VAEER: Visual Attention-Inspired Emotion Elicitation Reasoning
Fanhang Man, Xiaoyue Chen, Huandong Wang, Baining Zhao, Han Li, Xinlei Chen
TL;DR
VAEER addresses multi-label visual emotion elicitation by decomposing images into visual focus, interactions, and context, grounding cues with a structured affective knowledge graph, and performing per-emotion arousal reasoning. The three-stage framework (VAM, MME-RAG, PAR) achieves state-of-the-art results on three benchmarks, with up to 19% per-emotion improvements and 12.3% avg-F1 gains over strong baselines. Qualitative analyses show interpretable intermediate reasoning and plausible alignment with human judgments. The work emphasizes cognitive grounding and interpretability as essential for scalable, responsible emotion-aware visual analysis in online and crisis contexts.
Abstract
Images shared online strongly influence emotions and public well-being. Understanding the emotions an image elicits is therefore vital for fostering healthier and more sustainable digital communities, especially during public crises. We study Visual Emotion Elicitation (VEE), predicting the set of emotions that an image evokes in viewers.

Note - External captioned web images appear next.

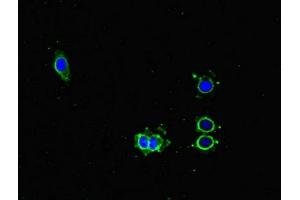 Immunofluorescent analysis of Hela cells using ABIN7163088 at dilution of 1:100 and Alexa Fluor 488-congugated AffiniPure Goat Anti-Rabbit IgG(H+L)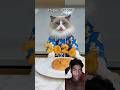 Happy#mew#year🙄#viral #🧐#shorts #😋#2026 # cake#cat 👌#video #😯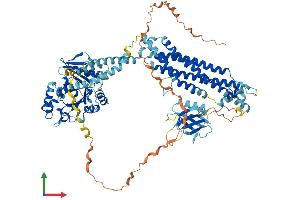 AlphaFold protein structure predicition of Mouse Recombinant Dnm3 Protein, UniprotID Q8BZ98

We introduce VAEER, an interpretable multi-label VEE framework that combines attention-inspired cue extraction with knowledge-grounded reasoning. VAEER isolates salient visual foci and contextual signals, aligns them with structured affective knowledge, and performs per-emotion inference to yield transparent, emotion-specific rationales. Across three heterogeneous benchmarks, including social imagery and disaster-related photos, VAEER achieves state-of-the-art results with up to 19% per-emotion improvements and a 12.3% average gain over strong CNN and VLM baselines. Our findings highlight interpretable multi-label emotion elicitation as a scalable foundation for responsible visual media analysis and emotionally sustainable online ecosystems.